▶ The task
Write each line word for word, from the line that contains "RI license plate 763432" through the last line of the material below.

::: Source data

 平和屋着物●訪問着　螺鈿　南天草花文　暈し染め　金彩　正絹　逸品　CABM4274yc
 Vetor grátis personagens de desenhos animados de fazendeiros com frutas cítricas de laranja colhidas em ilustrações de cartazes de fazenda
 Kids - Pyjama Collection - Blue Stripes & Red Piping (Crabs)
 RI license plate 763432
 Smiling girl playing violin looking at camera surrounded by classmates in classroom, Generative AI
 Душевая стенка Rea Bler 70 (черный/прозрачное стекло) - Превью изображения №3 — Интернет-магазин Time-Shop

::::::

▶ Result of this task
 RI license plate 763432
 Smiling girl playing violin looking at camera surrounded by classmates in classroom, Generative AI
 Душевая стенка Rea Bler 70 (черный/прозрачное стекло) - Превью изображения №3 — Интернет-магазин Time-Shop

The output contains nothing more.